Leadership and Gender Workshops were held across in the various business units and locations and thought provoking workshops that introduce diversity concepts and examines gender differences and their effects on business relationships, communications and decision making are organized to guarantee participants generate specific local actions to improve diversity. On-going diversity training helps drive employee engagement and creates a work environment that visibly values and leverages diversity.

Lafarge Africa has expanded this culture of diversity through its recruitment initiatives; partnering with a number of diversity focused companies and associations to ensure Lafarge has tapped the largest possible pool of candidates.Some other initiatives introduced by the cement giant in Nigeria to support diversity and inclusion include the activation of Women’s Networking Groups, flexible work hours in the corporate head office, supporting nursing mothers with crèche allowance, provision of paternity leave, and exclusion of maternity leave from annual leave entitlement.

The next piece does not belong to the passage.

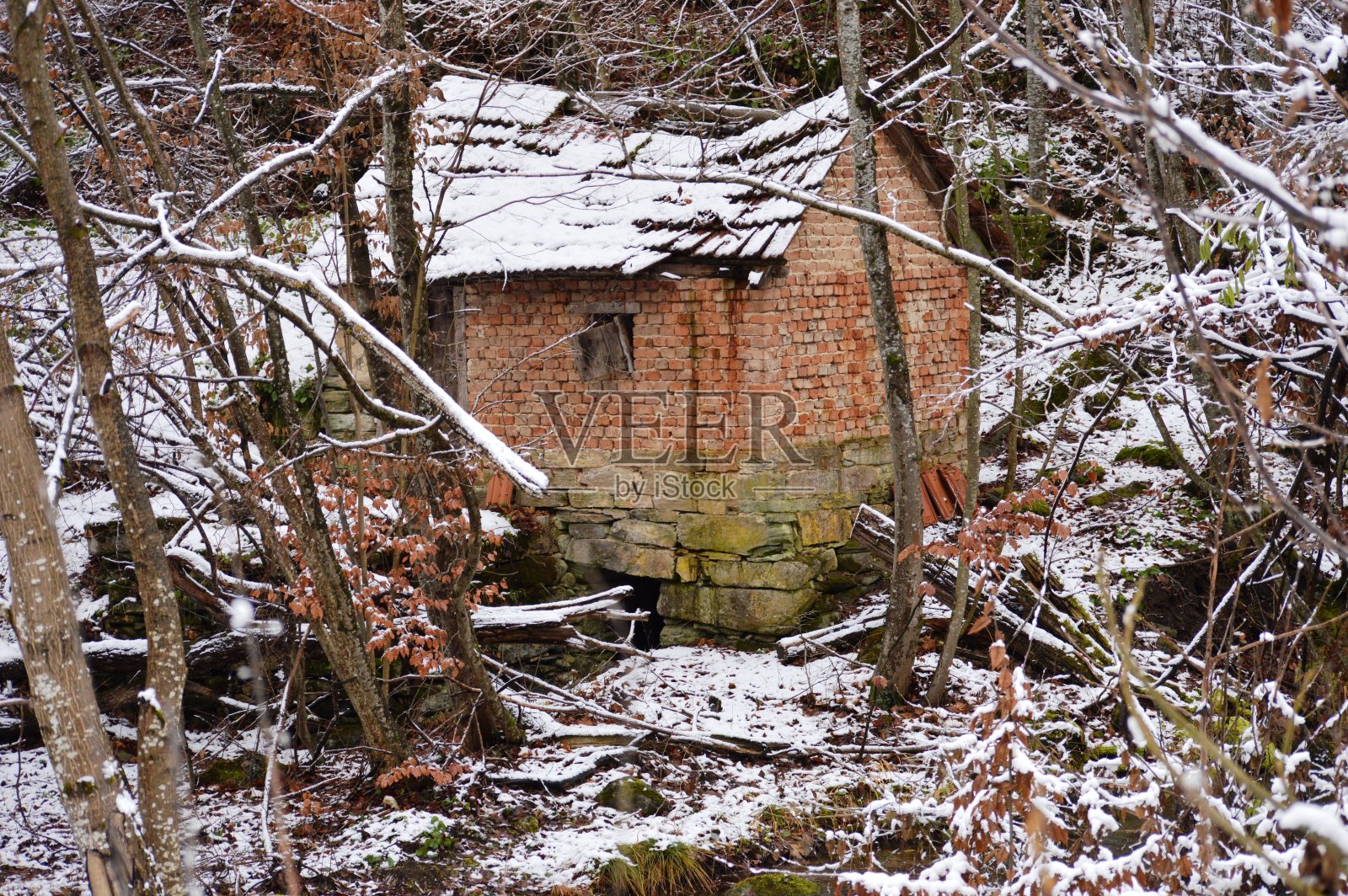 积雪下的破旧磨坊照片摄影图片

The organisation’s  search for diverse talent at all levels informs the strong ties that the Lafarge Friends of Community (FOC) mentorship initiative has with public primary and secondaryschools targeted at contributing to the development of  young talents, seeking out and discovering them long before they get to the recruiters table.

The barriers to success are many, not least among them the prevailing cultural beliefs and biases. The Lafarge Africa approach to overcoming these biases that may hinder the success of hiring, retaining, and promoting more talented women—and seizing the associated business opportunity—nothing less than the full commitment of the CEO and his senior management team will suffice.

To this end, out of the 12 members of Lafarge Africa Plc’s top management team, 4 are women – one of them being the recently appointed managing director of WAPCO Operations, Adepeju Adebajo. Others include, Fidelia Osime – Country Organization & Human Resources Director, Edith Onwuchekwa – Country Legal Counsel and Viola Graham Douglas – Country Communication Director. The combined wealth of experience and exposure wielded by these amazons, is without a doubt an undisputable asset to the Lafarge family and a justification of the corporate policy of diversity and inclusion. This representation does not stop at the directorial level of the company but permeates across board and in key middle management roles, where women feature prominently and contribute actively to the overall success rating of the company.

However, the reality of life is not lost on Lafarge Africa Plc for these amazons. Without coming across as favoritism; a work/life balance is struck that ensures that every member of staff – both male and female – are given the time, opportunity and means to attain their personal life goals and career aspirations which translates into a deep sense of brand immersion with everyone living the Lafarge brand.

Across the world, women have continued to attain high rankings in key leadership traits like ambition and decisiveness. The natural trait of placing a high value and importance on intelligence and honesty — positions them as assets with essential leadership traits. The truth of the matter is that a totally transformed workforce may be a while away for many corporations, but Lafarge Africa Plc has proven with its amazons that with conscious effort, success is attainable.